Denilenlere göre, Gül’le Babacan’ın arasına kara kediler girmiş...
Gül partiye katılmak istememiş.
Sadece isim dikte etmiş. Babacan da “kurucular kurulu”na yerleştirmiş.
FETÖ’cülerin çok güvendiği ve ismi RAND raporunda geçen malum şahsı da Gül mü önerdi acaba? Merak...
Benim tahminim şu:
Gül, sadece tavırsız değil, aynı zamanda üşengeç bir adamdır.
Elini taşın altına koymaz.
Her şeyin başka eller tarafından hazırlanıp önüne konulmasını ister.
Sonra seçimini yapar.
Burada da öyle olmuştur... “Hele siz bir hazırlayın, geniş bir zamanda bakarız!” demiştir.
O “geniş zaman”a Kemal Kılıçdaroğlu’yla yapılan bazı pazarlıklar da dahil elbette.
Gül’ün, bir süreliğine “bağımsız” ve “tarafsız” görünmesi gerekiyor çünkü.
Ki, Kılıçdaroğlu tarafından “çatı adaylığa” layık görülsün.
Babacan bahsi şimdilik bu kadar...
Gelelim Davutcan bahsine.
Davutcan, pazar günü Konya’da bir nümayiş yaptı. Yüzlerce araçlık konvoya kendisini karşılattı.
İyi yaptı.
Bir de internet üzerinden bir “nutuk” saldı.
Konuşmasının bir yerinde (özetle) şöyle bir yakınmada bulunuyordu: “İdlib’de 33 şehit verdiğimizde tek tek bütün siyasi parti liderlerini aradım. Kılıçdaroğlu, Akşener ve Karamollaoğlu’yla görüştüm. Ama Sayın Cumhurbaşkanı telefonuma çıkmadı.”
Ben de olsam, telefonuna çıkmazdım.
Hatta selam bile vermezdim.
Çünkü karşımızda, “Kim ne derse desin ben sözüme sadığım, Cumhurbaşkanımızla kurduğum vefa ilişkisini son nefesime kadar sürdüreceğim.

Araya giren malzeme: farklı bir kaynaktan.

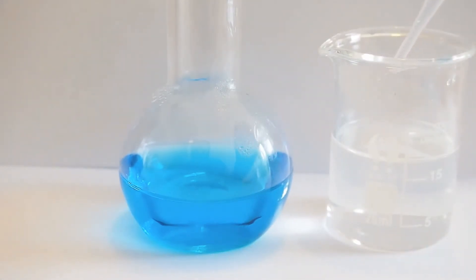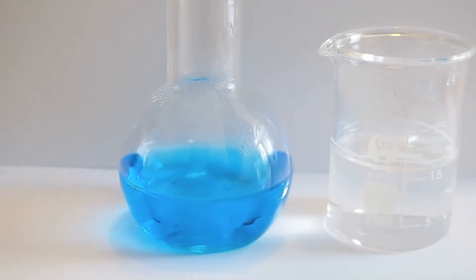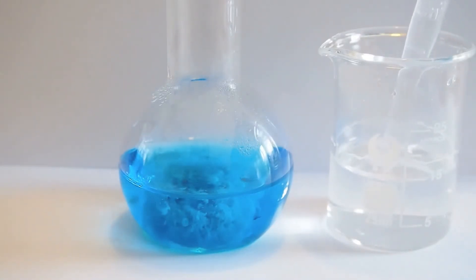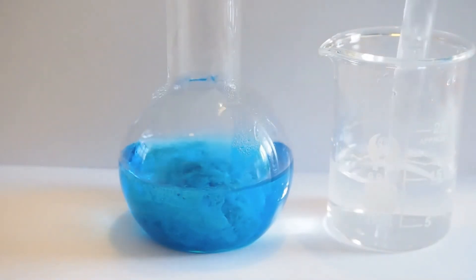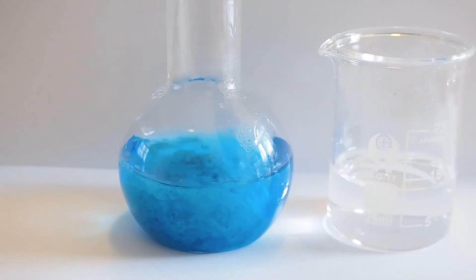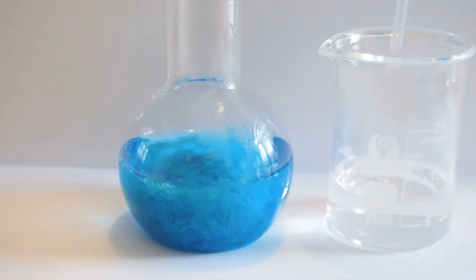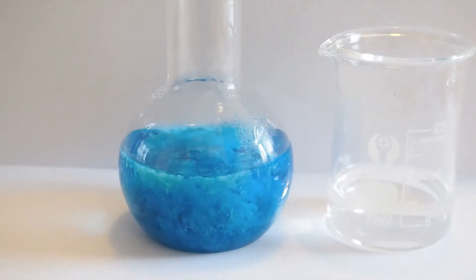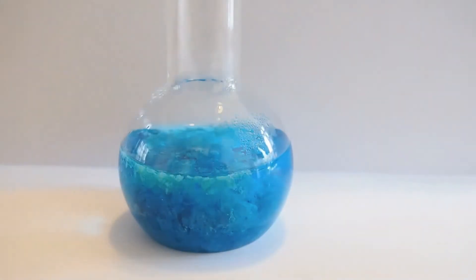What I'm going to do is add the sodium carbonate to the copper sulphate solution. Watch closely, see if you can see what's going to happen. Can you see that precipitate forming as it drips in? That's the basic copper carbonate forming. Let me add a bit more, and I'll swirl this a little bit to mix it.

Hiç kimse benim ağzımdan, benim dilimden, benim zihnimden Cumhurbaşkanımız aleyhine tek bir söz duymadı. Duymayacak” demiş ve bu sözünü tutmamış bir adam var.
Daha önce de hatırlatmıştım:
Davutoğlu, son altı aydır sistematik olarak Erdoğan’a saldırıyor...

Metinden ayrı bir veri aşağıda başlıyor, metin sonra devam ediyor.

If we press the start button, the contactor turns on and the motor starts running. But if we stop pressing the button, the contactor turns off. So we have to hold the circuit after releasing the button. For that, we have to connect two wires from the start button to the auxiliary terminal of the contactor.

Öyle böyle değil, bayağı saldırıyor...
En son Halk TV’nin sitesinde görmüştüm.
Şöyle diyordu: “Kendi oğlunu diğer vatan evlatlarından ayıran biri, devlet adamı olamaz...”
Hazır Erdoğan’a laf sokuyor olmanın “iştahı” devam ediyorken, 8 Mart Dünya Kadınlar Günü’nde “parti olarak” bir klip yayınlayıp yine Erdoğan’a yürüdüler; hem de “sen” diyerek ve terbiyesizce laflarla... (Bu klibin içeriği tam FETÖ’cülerin istediği türdendi.)
Şimdi siz söyleyin...
Böyle bir adamın telefonuna çıkılır mı?